#### [What is being asked]
The copy you return must match the listing word for word and carry no pictures.

#### [Given data]
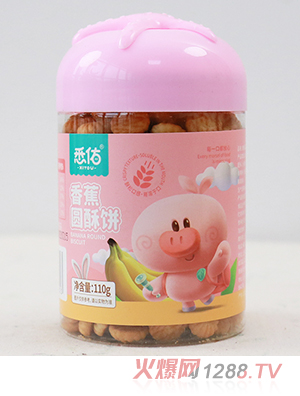 Ϥ���㽶�A���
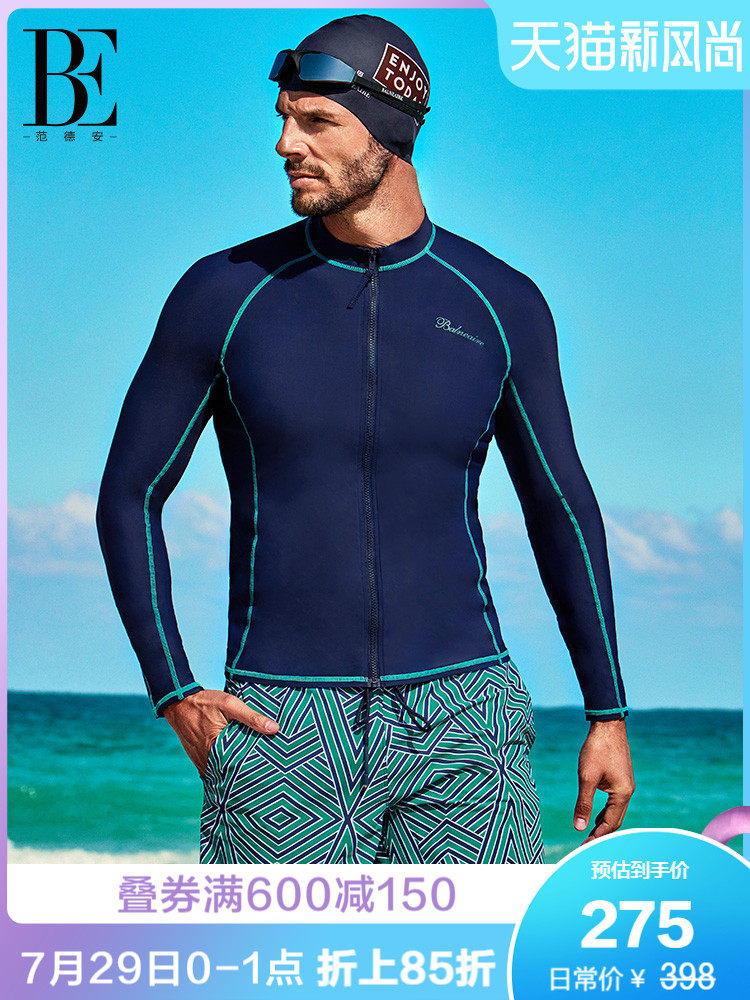 BE Van Dean swimming trunks men's sports quick-drying beach pants anti-chlorine sunscreen fashion large size loose flat angle hot spring swimming trunks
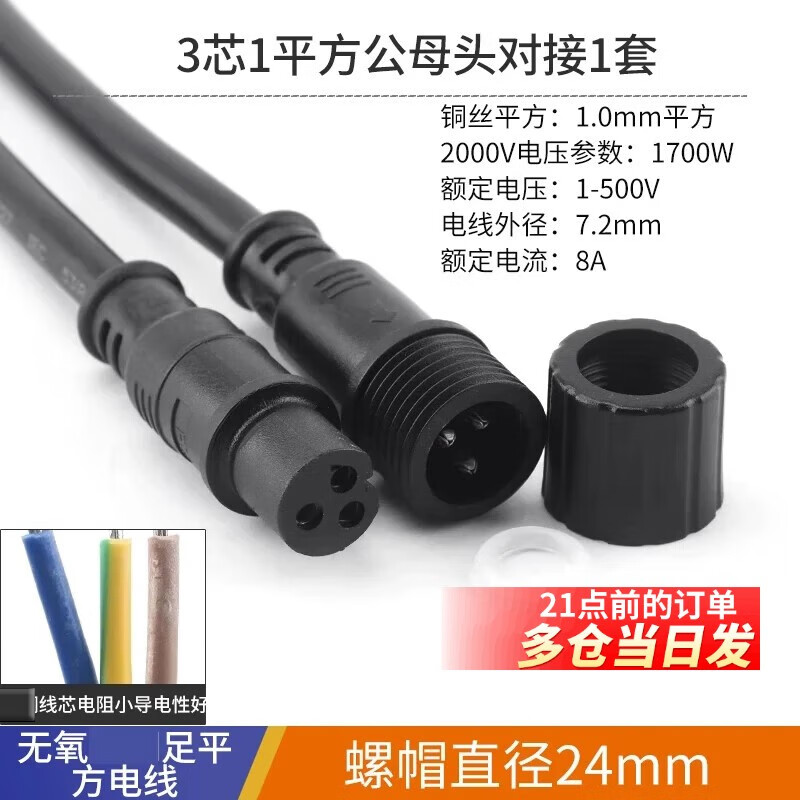 Waterproof wire connector male and female butt plug car connector LED power connector industrial plug 234 core 3 core 1 square male and female connector 1 set (nut diameter 24mm)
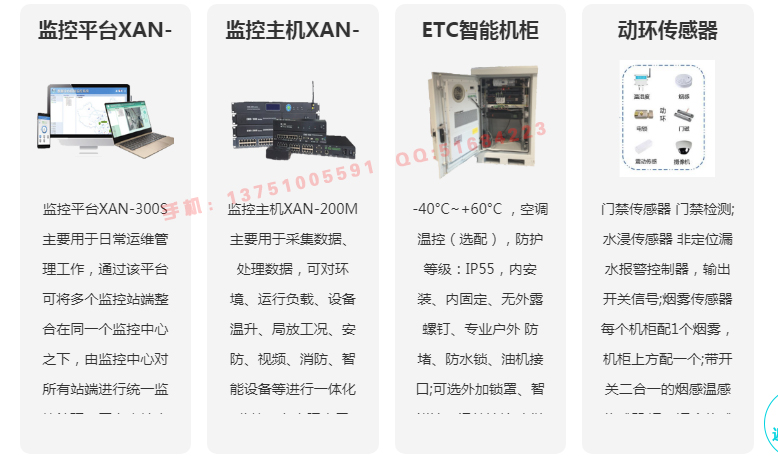 精致ETC機(jī)柜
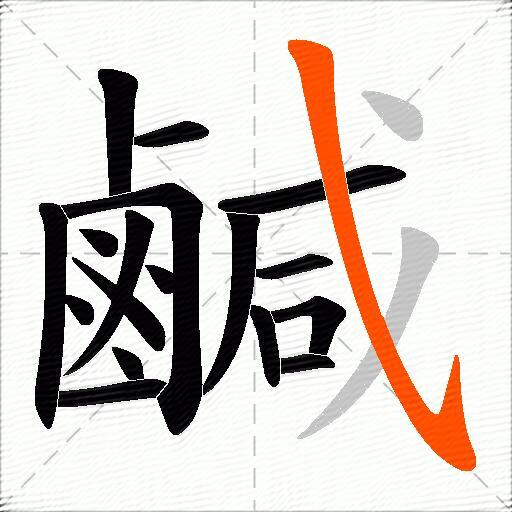 鹹
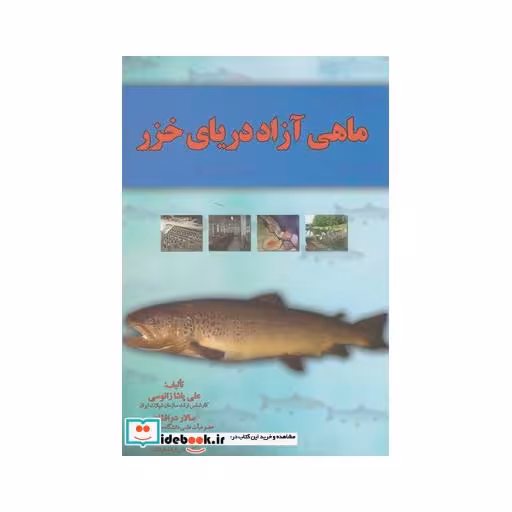 کتاب ماهی آزاد دریای خزر
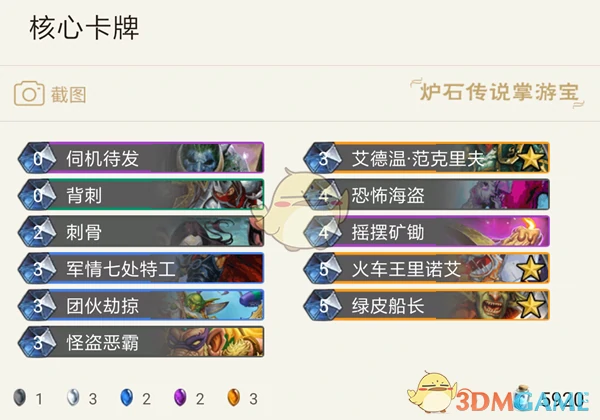 炉石传说暗影崛起,炉石传说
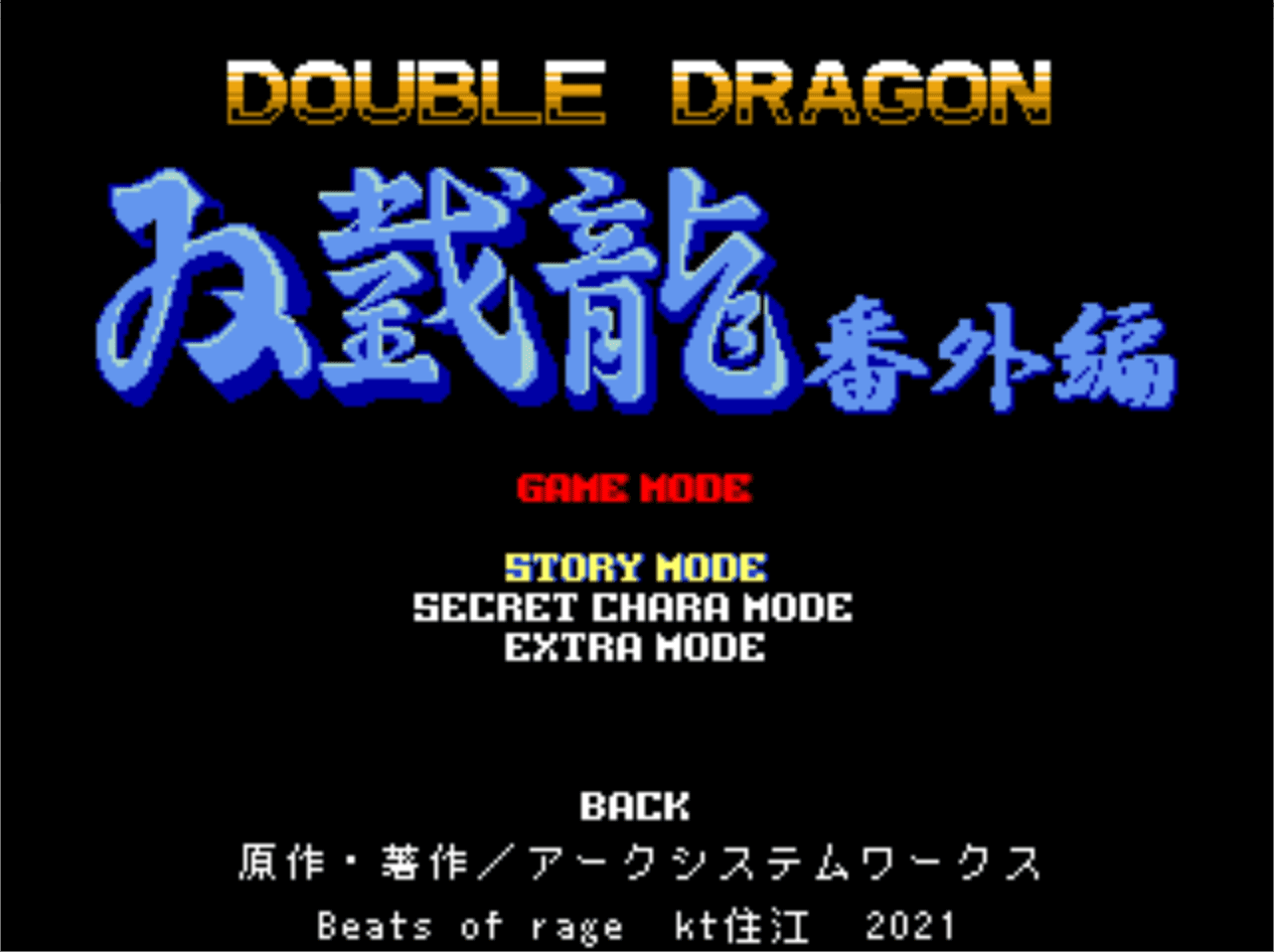 Double dragon-Bangaihen-openbor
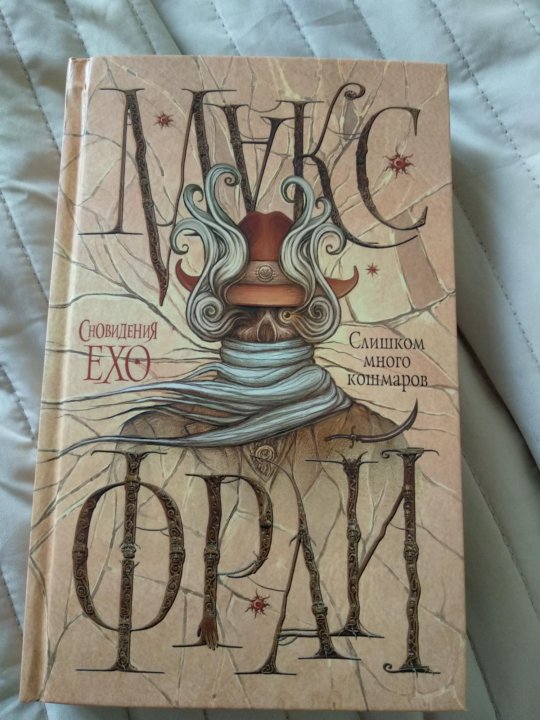 Макс кошмаров. Макс Фрай Чужак репринтное издание. Макс Фрай книга лабиринты Ехо репринтное издание. Фрай Макс "сновидения Ехо". Фрай слишком много кошмаров.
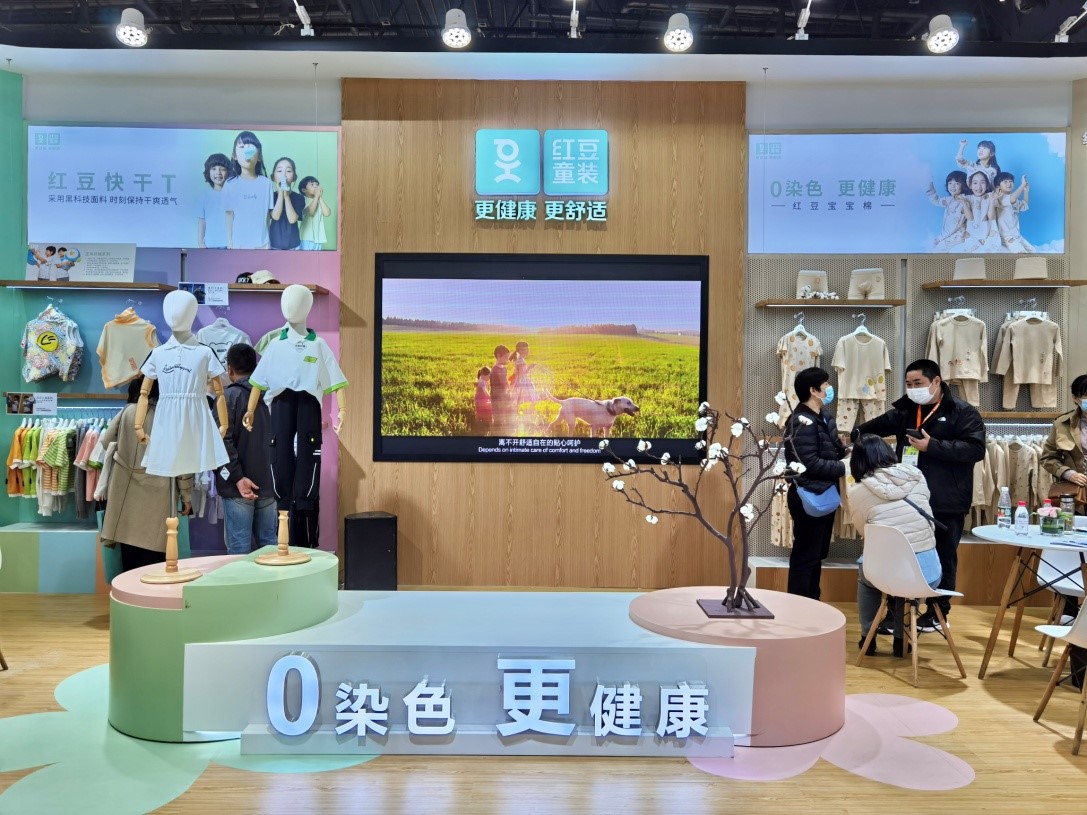 w66国际童装服博会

#### [Result for this exercise]
 Ϥ���㽶�A���
 BE Van Dean swimming trunks men's sports quick-drying beach pants anti-chlorine sunscreen fashion large size loose flat angle hot spring swimming trunks
 Waterproof wire connector male and female butt plug car connector LED power connector industrial plug 234 core 3 core 1 square male and female connector 1 set (nut diameter 24mm)
 精致ETC機(jī)柜
 鹹
 کتاب ماهی آزاد دریای خزر
 炉石传说暗影崛起,炉石传说
 Double dragon-Bangaihen-openbor
 Макс кошмаров. Макс Фрай Чужак репринтное издание. Макс Фрай книга лабиринты Ехо репринтное издание. Фрай Макс "сновидения Ехо". Фрай слишком много кошмаров.
 w66国际童装服博会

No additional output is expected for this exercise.